What role do games play in the wheel of content that always turns
The rationale that justifies this significant push for the transition of game worlds into on-screen experiences is both economic and cultural as the global creative industries try to usher gaming into the mainstream and try to headline a culture that has become steadily ubiquitous as a global leisure time activity.
Published Date - 1 October 2023, 03:11 PM
Hyderabad: A movie on Gran Turismo, yes; another on Ghost of Tsushima, definitely; a series on The Last of Us – already a success; Halo– a second season in the works; Horizon, Nier Automata, God of War, Devil May Cry– the list of franchises inspiring/serving as foundations for films, and series (both live-action and animated) seems nearly endless.
The rationale that justifies this significant push for the transition of game worlds into on-screen experiences is both economic and cultural as the global creative industries try to usher gaming into the mainstream and try to headline a culture that has become steadily ubiquitous as a global leisure time activity.
However, this push also requires an understanding of video games as not merely platforms that tell stories of fictional, magical worlds but also sites where players put in hours of work to explore, level-up, and identify bits of themselves in the various characters they engage with.
Film and television have seldom worked with this kind of an approach as they are primarily narrative focused and their plots often drive how their worlds are detailed. For instance, games like No Man’s Sky or the recently released Starfield are what the players want them to be – canvases the size of the universe (made possible by AI rendering) that are open to be explored. It is through these acts of exploration that players find meanings and purpose for their figurative interstellar journeys.
The Mandalorian’s adventures with Grogu are the closest parallel that video (apologies for the collective term) can offer to compare with the space odyssey that players perform every time a game like Mass Effect or Outer Worlds drops. However, there is a caveat: the Mandalorian’s ship only flies to planets that are necessary for the plot and the number of detours that can be made is determined by the plot’s complexity.

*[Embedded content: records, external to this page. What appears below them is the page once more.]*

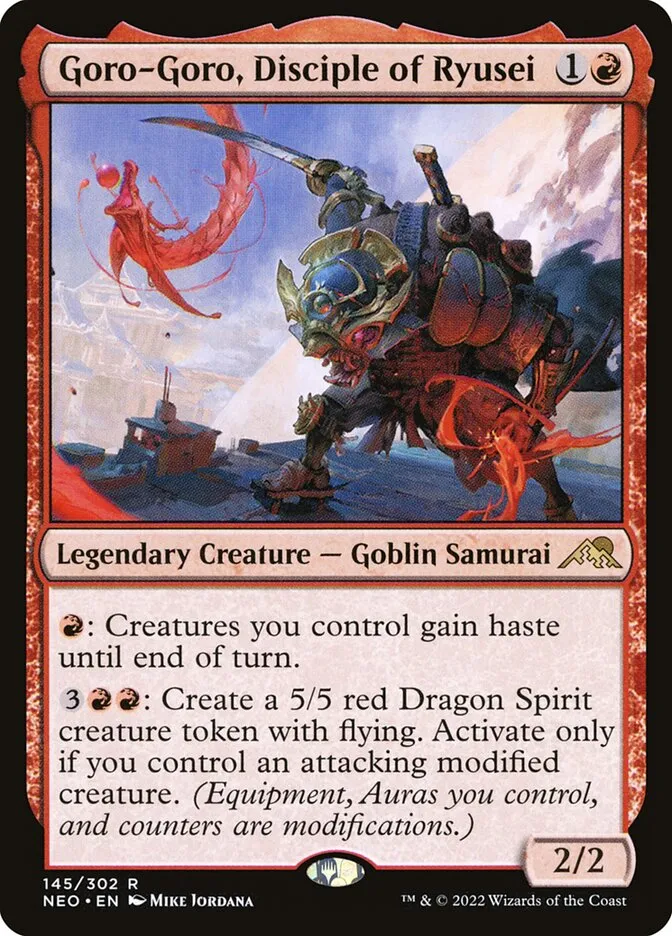 2022 Kamigawa: Neon Dynasty Goro-Goro, Disciple of Ryusei #145 rare card image
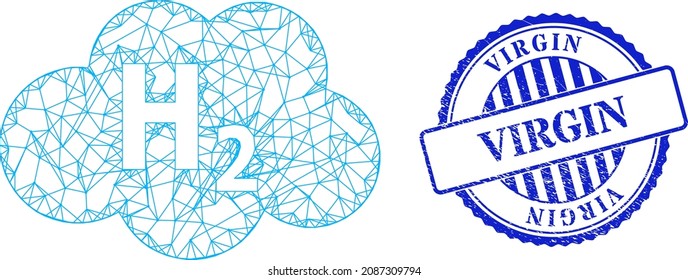 Vector net hydrogen cloud model, and Virgin blue rosette grunge stamp seal. Crossed carcass net image created from hydrogen cloud pictogram, is created from intersected lines.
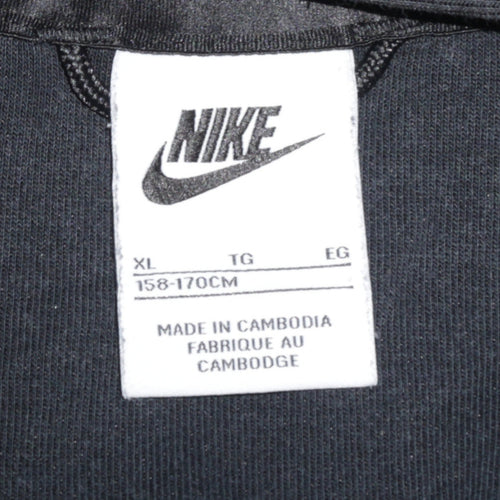 Nike Boys Black XL Full Zip Hoodie - Fleece Lined Sports Sweatshirt
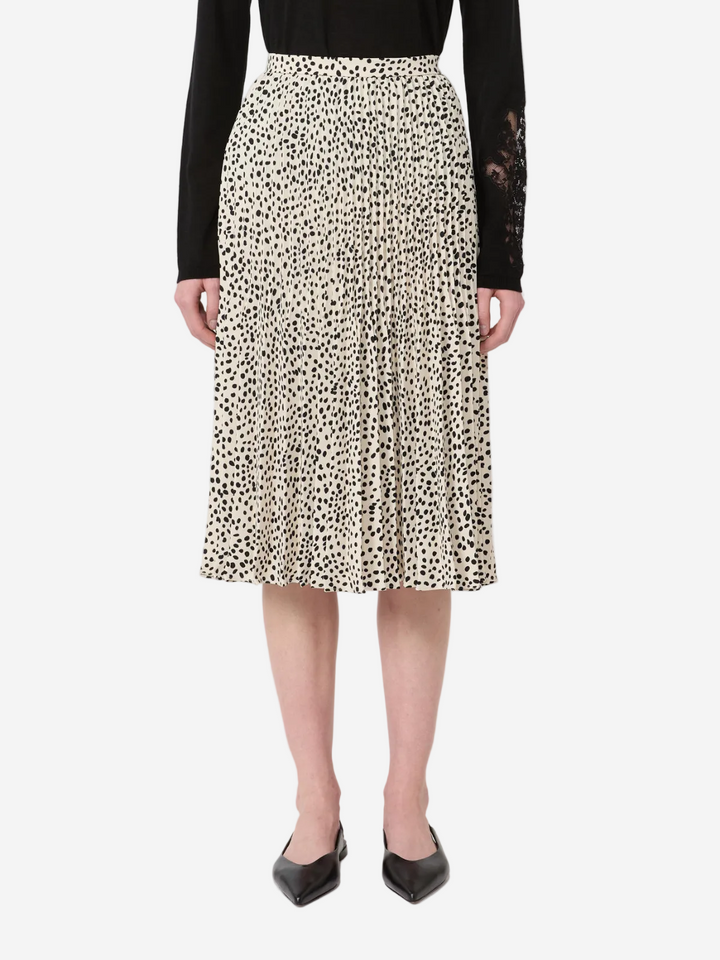 Person wearing a leopard print skirt on a white background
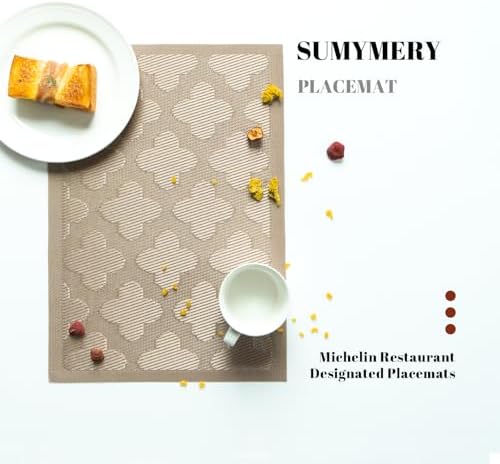 Placemats Set of 12 Vinyl/Plastic Woven Place Mats for Kitchen Table Indoor/Outdoor Washable Placemat Wipeable Dining Table Mats (Dark Brown Clover,12)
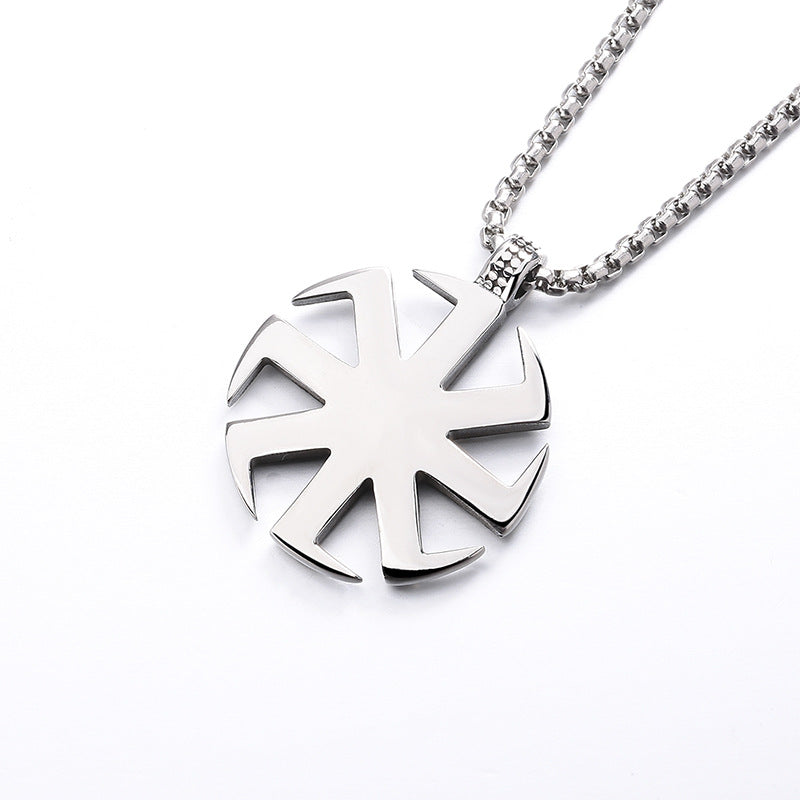 Steel Necklace – Statement Talisman Pendant
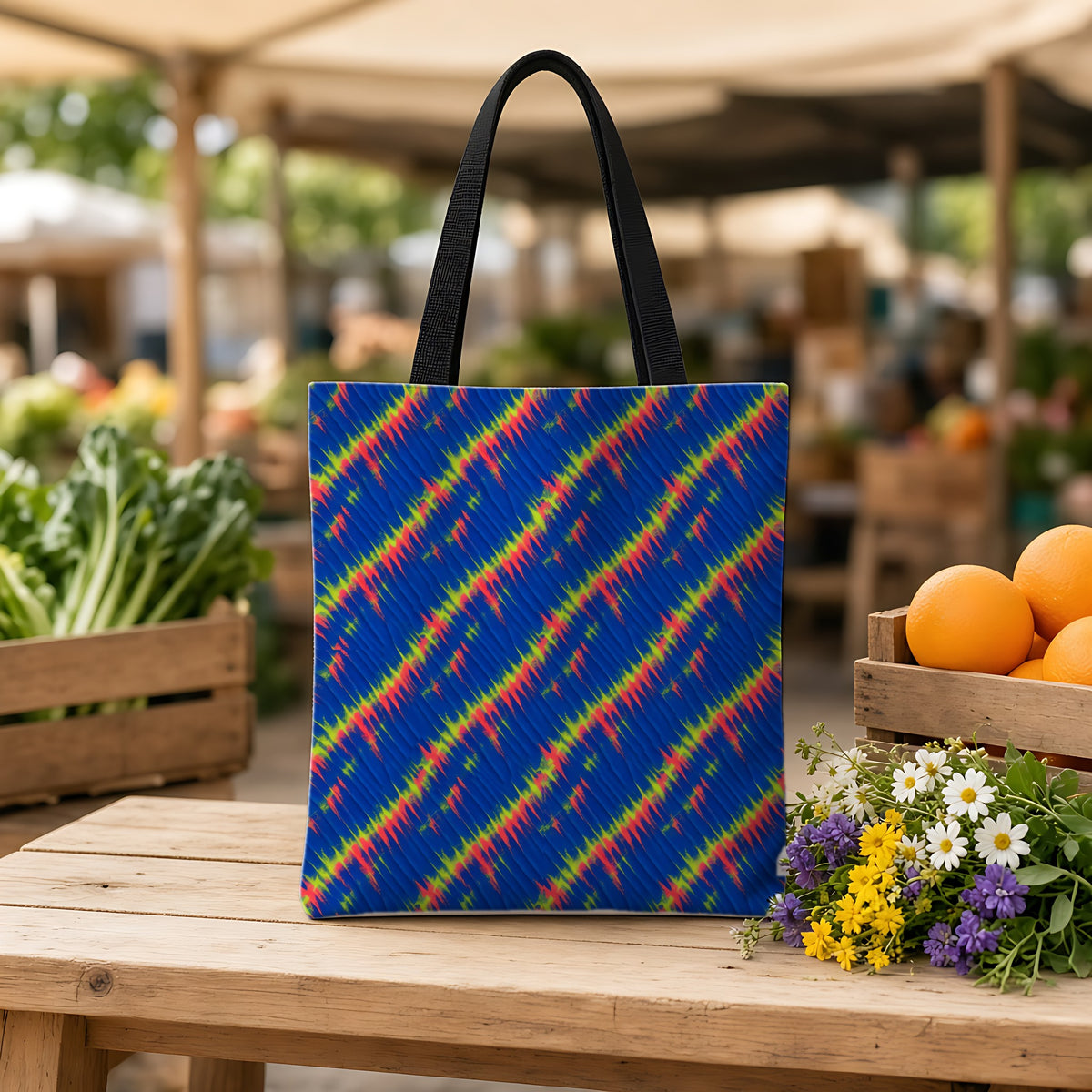 Diagonal Wrap Dye Weekender Tote Bag on a wooden bench at a farmers market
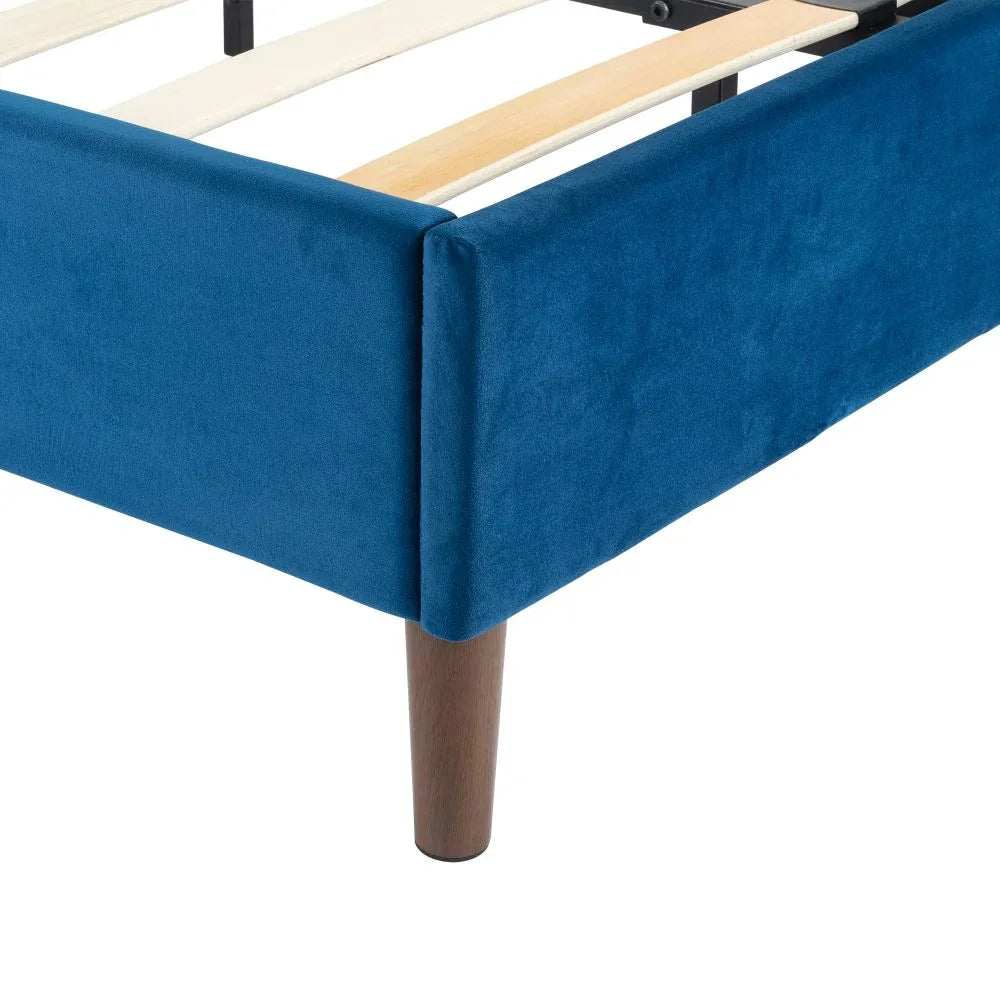 Velvet Blue Bed Frame – Single - Mekamart Australia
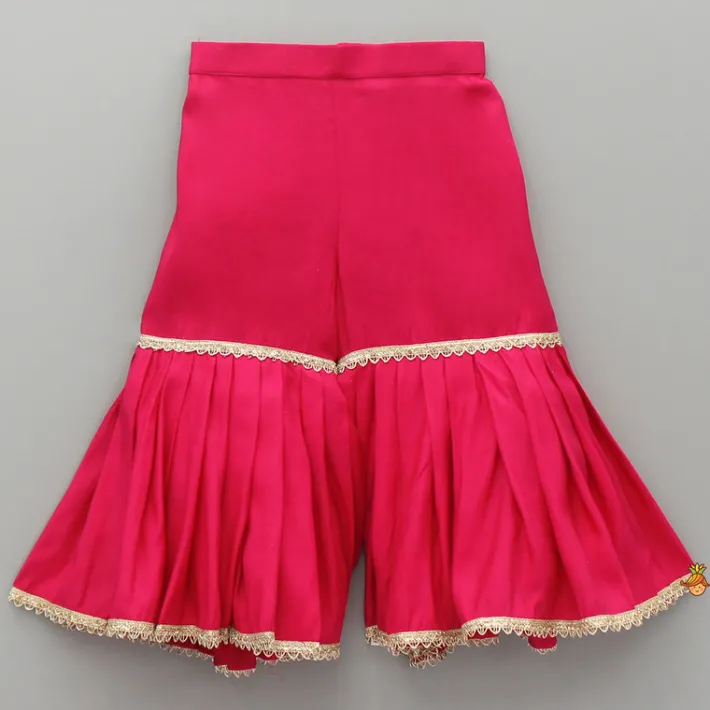 Best Embroidered Pink Kurti With Sharara And Dupatta Ethnic Wear | Palazzos & Shararas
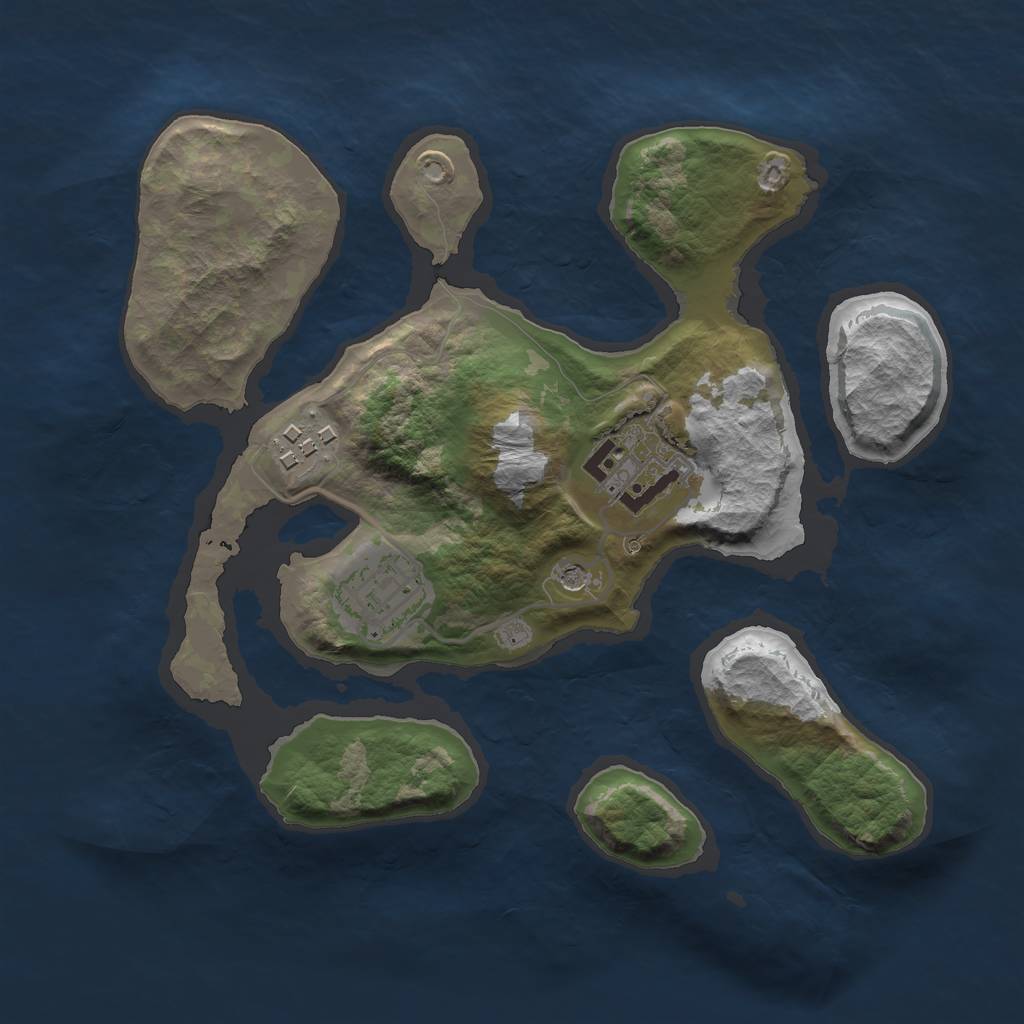 Rust Map: Barren, Size: 2500, Seed: 56648, 6 Monuments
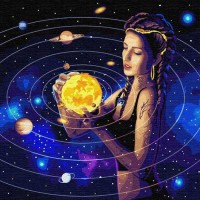 Картина за номерами 50*50см + фарби + пензель 3 шт з рамкою Підкорюючи Всесвіт з фарбами металік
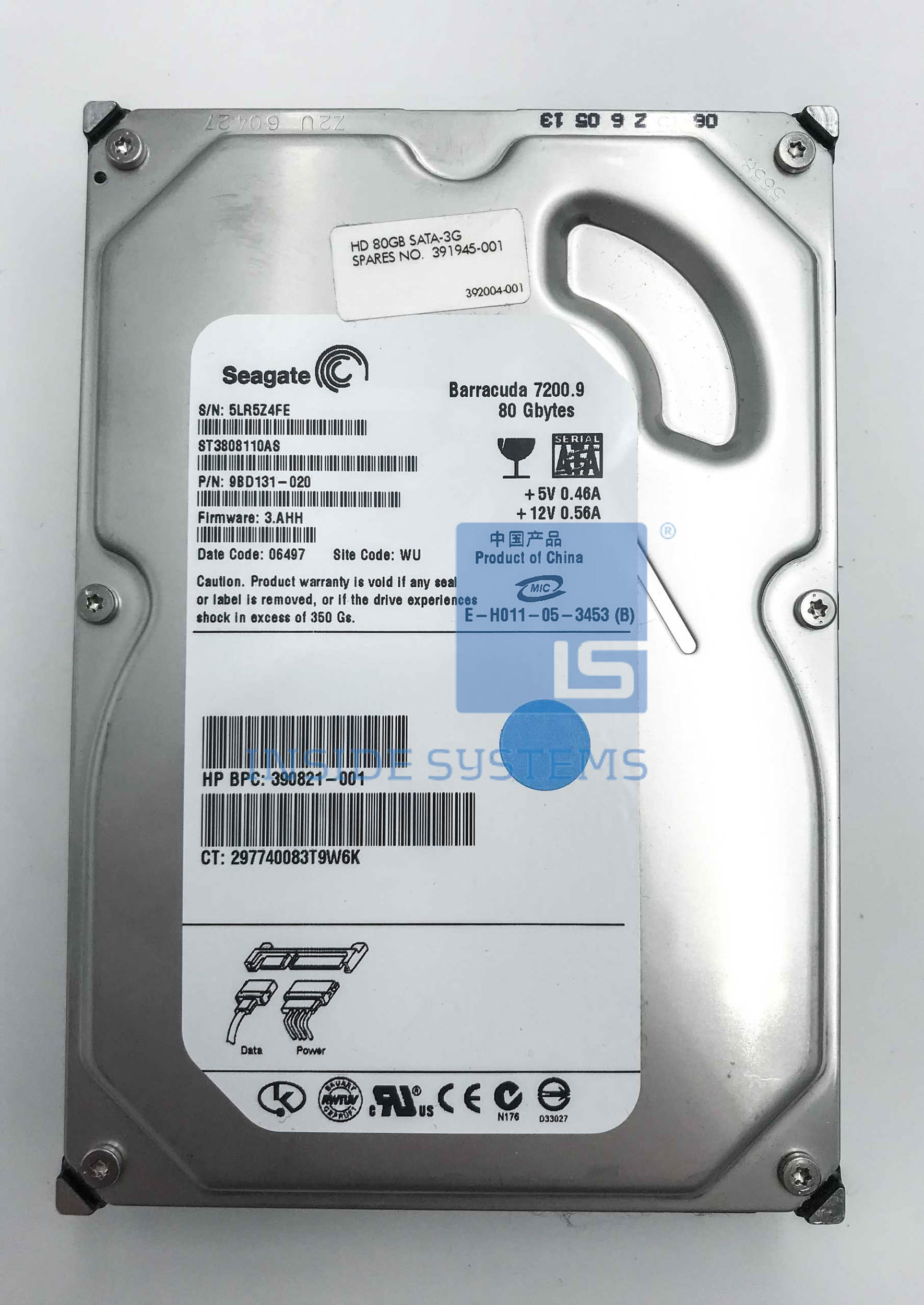 391945-001-03 - HP 80GB 7.2K SATA 3.5" HDD NO TRAY 7 391945 001 03 A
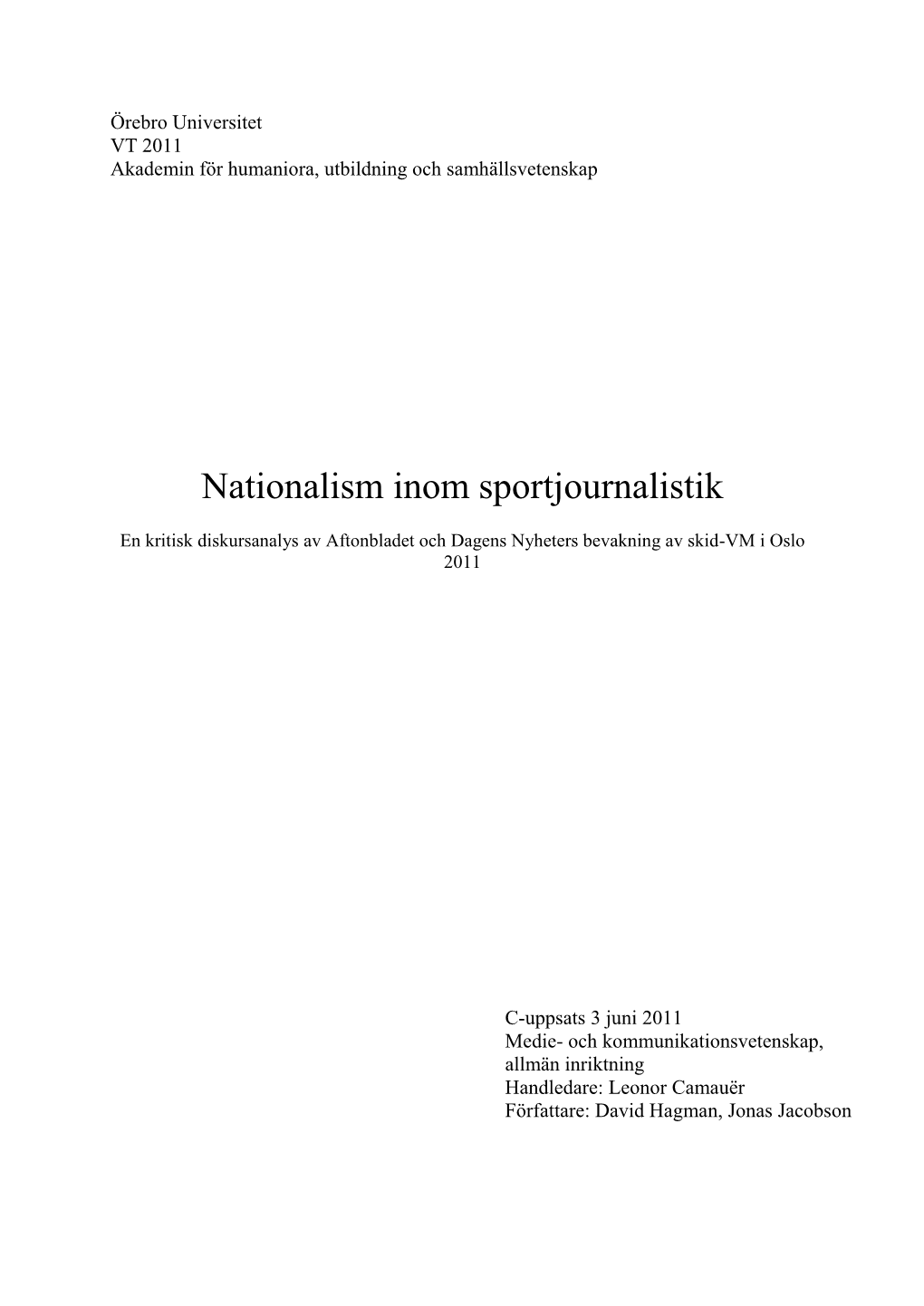 Nationalism Inom Sportjournalistik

The meaning and narrative that the directors and scriptwriters wish to convey is bound by both logistical and economic concerns (cost of shooting at new venues, extra characters, so on and so forth) and the need to carefully balance plot complexity with viewer accessibility – video games simply don’t work this way.
Games can unwrap their plots at leisure through sequences of play and cut-scenes in a layered fashion that video can’t offer. As a medium, games are seldom static and when a player seems to be stuck, the price for progression is rethinking and strategizing. Thus, adapting in-game actions to the screen is a challenge because the joy of overcoming a significant obstacle seldom translates to the non-interactive video.
Thus, all video game adaptations are in essence a lossy process. The fluidity, freedom, interactivity, and randomness, make way for the cinematic -but something is gained in the transition too. The cinematic offers newer perspectives, a shift away from the embodied protagonist, a space to build in new meanings and interpretations, and I believe that is the key to adapting games.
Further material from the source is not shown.